ВКонтакте
Электронный литературный журнал. Выходит один раз в месяц. Основан в апреле 2014 г.
№ 217 апрель 2024 г.
» » Екатерина Перченкова. СКВОЗЬ СТЕКЛО

Екатерина Перченкова. СКВОЗЬ СТЕКЛО


(Руслан Комадей. Стекло. Книга стихов. Издательская группа «Десять тысяч слов». Челябинск, 2012)


Руслана Комадея я помню по подборке в третьем номере журнала «Гвидеон», помню ощущение от двух его строк, мелькнувших мимо глаз: вот, поэт. «Провожать свою смерть в Тагиле, / что ты, господибожемой». Неожиданное противоположное «провожать»; «господибожемой»  – цельнословное, беспробельное, беспросветное междометие. Почти год спустя, держа в руках книгу под названием «Стекло», я заранее знаю, что вся она такой не будет. Невозможно, не бывает таких книг.

Руслан Комадей на сегодняшний день – поэт,  который именно в качестве поэта соперничает с самим собой – человеком видящим, слышащим, чувствующим, говорящим. Хороший слух и лёгкий голос. Всеми пятью чувствами так лёгок, что собственного шестого за ними часто не различает. Всё на слух, любая связь между словами поверена звучанием, представление её в текстах порой чрезмерно, привычно – до автоматизма. «Недоэкология эклоги», «”аве, Морзе”. Мороз внутри», «ножницы и жнецы», «шуршанье швейных ниток моросящих», «у поднебесья свай / стой, а не вой», «под новокаином ватка», «я плавал по листам извилистой земли».
Сюда же относятся неологизмы и игровые номинации: «матемачеха в алгебре», «тет-а-тень», «ныряю в рыбеса».
Всё это несложное, потому что дарованное изначально. Красование отличника, школяра. Узорные костыли сочинителя. Но так, очарованно ремесленничая, можно нечаянно – и помимо себя, помимо целенаправленного сочинительства – выдать:


Кипячёные тагильчане
опускают бумагу в чай.
И кричат по ночам: «Начальник,
свет над нами не выключай!»



Это большое. Это – история, география, социология, этнография, антропология, религия отдельно взятого места и времени – в четырёх строчках; это топос и хронотоп – «Тагил» –  именованный (реноминированный) посредством: 1) повествования / высказывания; 2) содержания, фонетического кода: шесть с половиной раз на четыре строки повторенный слог вызывает из словаря «чаяние» и «чаю» (Просят и хотят – простейшего.
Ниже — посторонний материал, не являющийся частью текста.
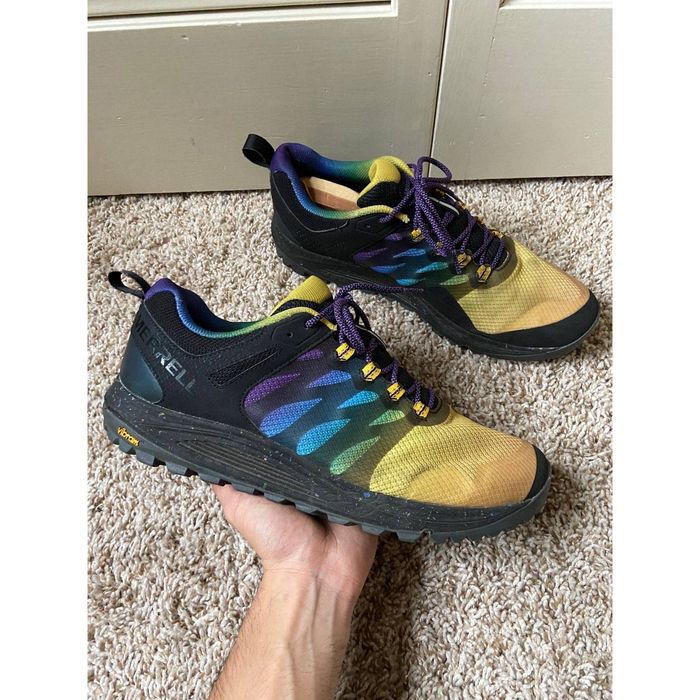 merrell antora 2 rainbow
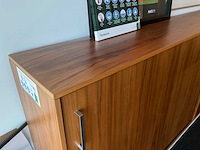 Steelcase schuifdeurkast (2x) - afbeelding 6 van  6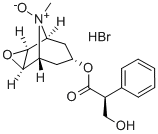 Scopolamine N-oxide hydrobromide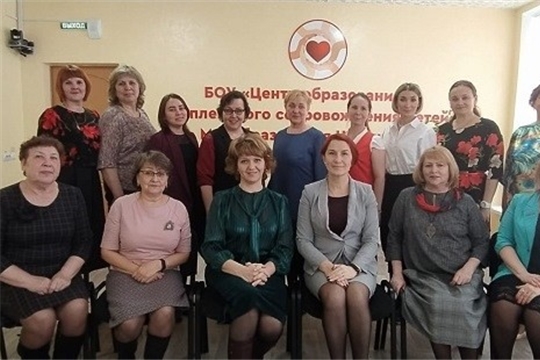 Лауреат конкурса "Учитель-дефектолог Чувашии-2020"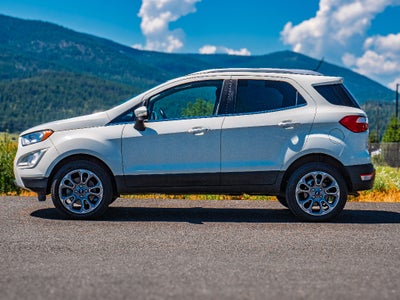 2021 Ford EcoSport Titanium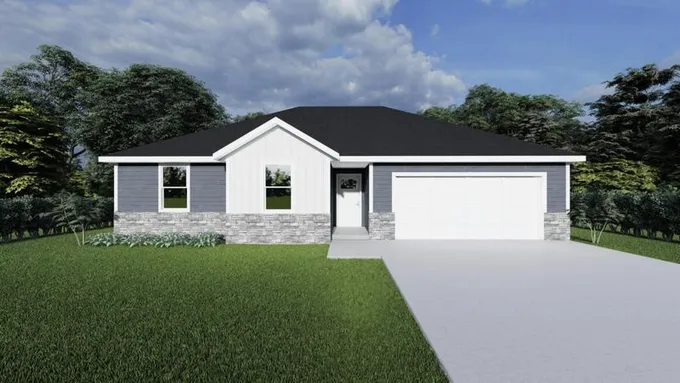 1226 E PERRY ST, Republic, MO 65738 Single Family Residence For Sale  MLS# 60250523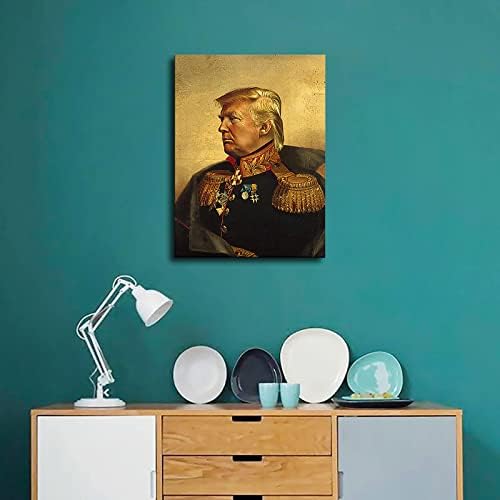 Donald Trump Wall Art Poster Funny Predsjednik Celebrity Art Novelty Pop Kulture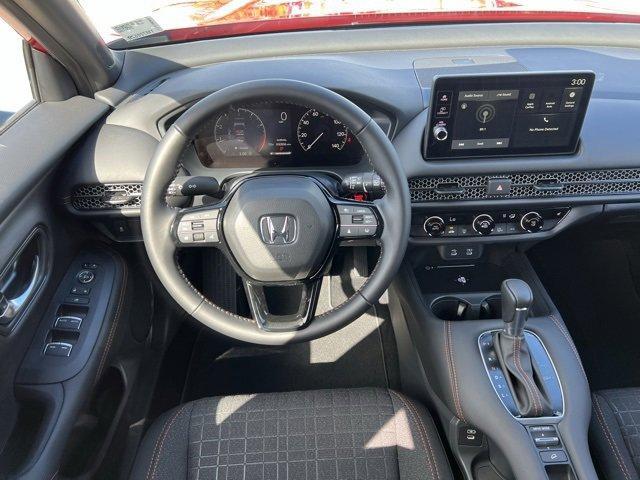 new 2026 Honda HR-V car, priced at $30,950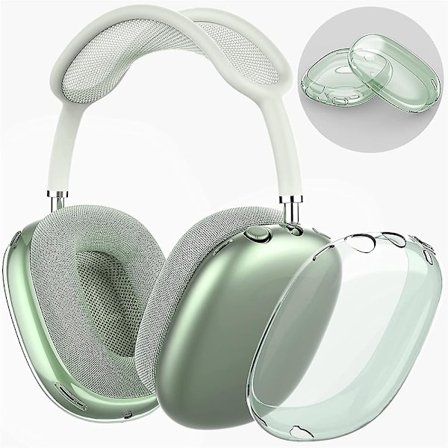 Lämplig för Airpodsmax Passar för Airpods Max Fodral Kompatibelt med Airpodsmax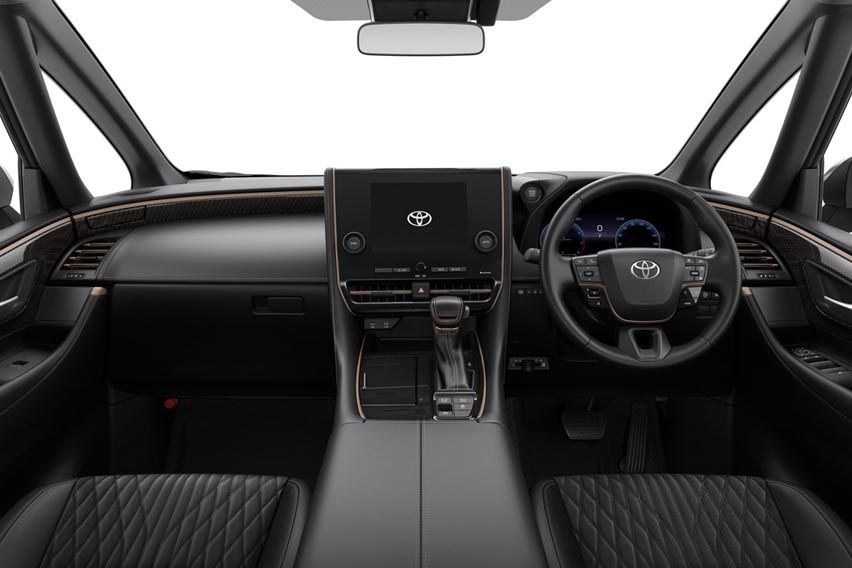 all-new Alphard and Vellfire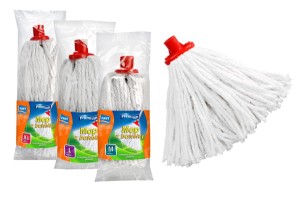 RAVI Mop z bawełny premium L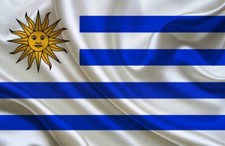 URUGUAY FLAG URUGUAYAN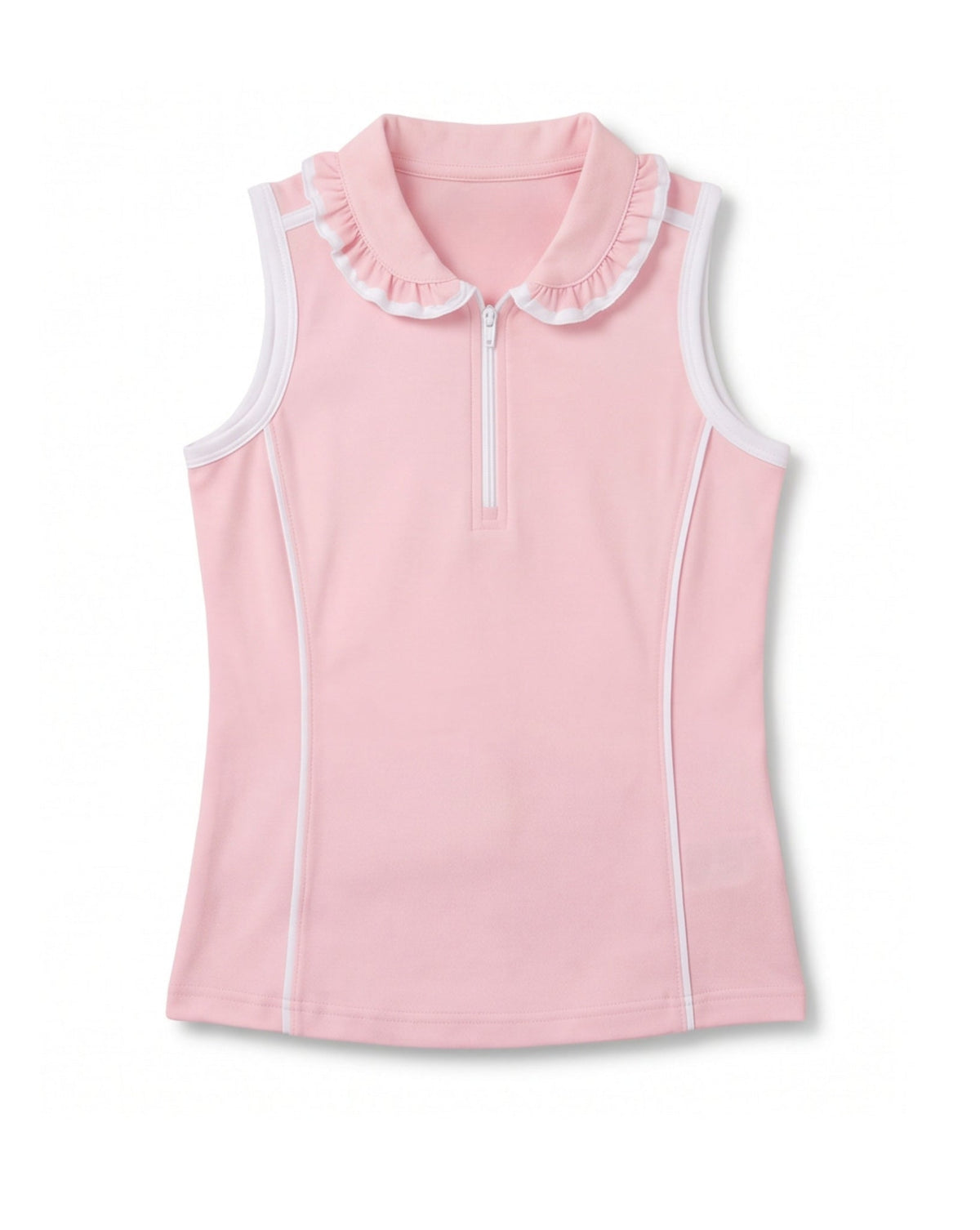 Lorena Littles Solid Resort Golf Top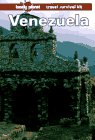 Lonely Planet Venezuela (Lonely Planet Travel Survival Kit)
Чают – воскресения мертвых. Не меньше); 3) семантической рифмы, на которой держится всё стихотворение: «кричат» и «свет».
Это – нечаянно. Как будто в рулетку выиграл.
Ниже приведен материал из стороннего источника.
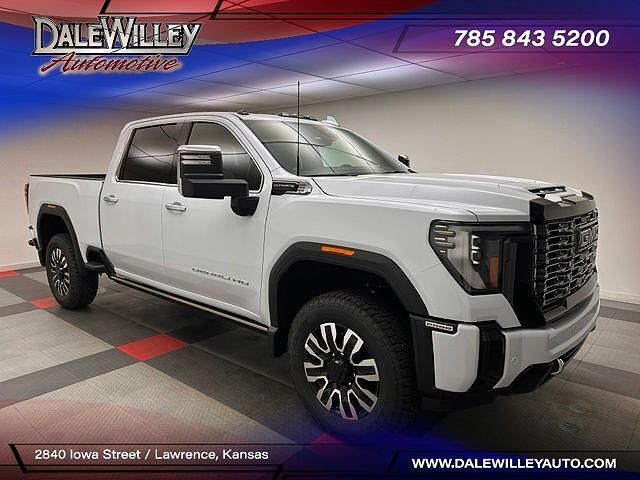 2026 GMC Sierra HD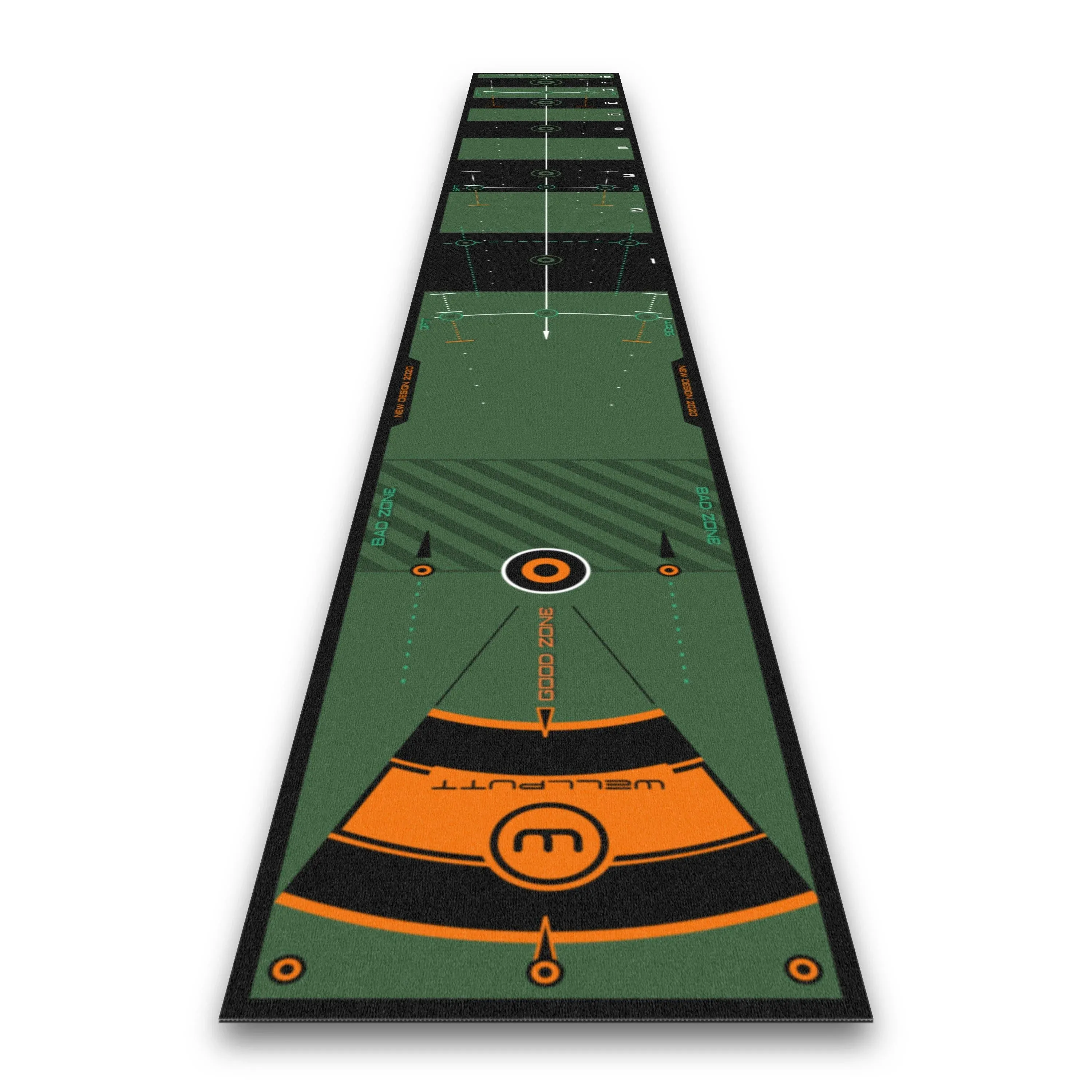 Wellputt Putting Mat 13ft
Что же нарочно? Прозрение и сквозное слышание неуловимы и неуправляемы, хуже того, для «слухача» – подсудны, подцензурны, едва ли не неприличны. Жить на слух – и при этом не быть языковым аккумулятором, собирающим в себе написанное всё и всеми – то же, что заткнуть уши. Или ходячему – отрезать себе ногу. Поэтому Руслан Комадей в стихах противоречив, амбивалентен: он «зеркалит», пробуя чужие голоса. Слышно: так (цитат без счёта) написал бы Евгений Туренко, так («Где сжатый голос, где огни, / где чушь несущая, как стены» – Арсений Тарковский), так («…Начальник, / свет над нами не выключай!» – может быть, молодой Денис Новиков). Одновременно с этим поэт не столько ищет собственный голос, сколько проясняет облик себя-говорящего, пытаясь обрести то единственное лицо, от которого возможно прямое высказывание.


Ходишь по леднику –
страшно как никогда.

*
И я иду ко дну. Я достигаю дна.
И глиняный кулак мне входит прямо в глотку.

*
Бог говорит, что тоже хочет есть,
что был давно, но в голоде Господнем
необходимо жажду предпочесть.
(…)
…В отраженье
мне ближе тень: её не украдут.

*
Я – телеграф травы, я – фаза фонарей.
Не спрашивай меня, зачем тебе глаза.



Есть слабое место почти у любого поэта: переживание себя. Как поэта. Как человека. И слабейшее – переживание себя как факта современной литературы. Последнее со стороны всегда смешно и беспомощно. Так вот, Руслан Комадей переживает не себя в литературе, а окружающее пространство – языковое, речевое, поэтическое. Он внимателен. Внимание – явление той же природы, что счастье, горе или гнев: оно захватывает целиком, не оставляя места ощущению (тем более самопрезентации): «я – такой». Если взглянуть, чем он захвачен…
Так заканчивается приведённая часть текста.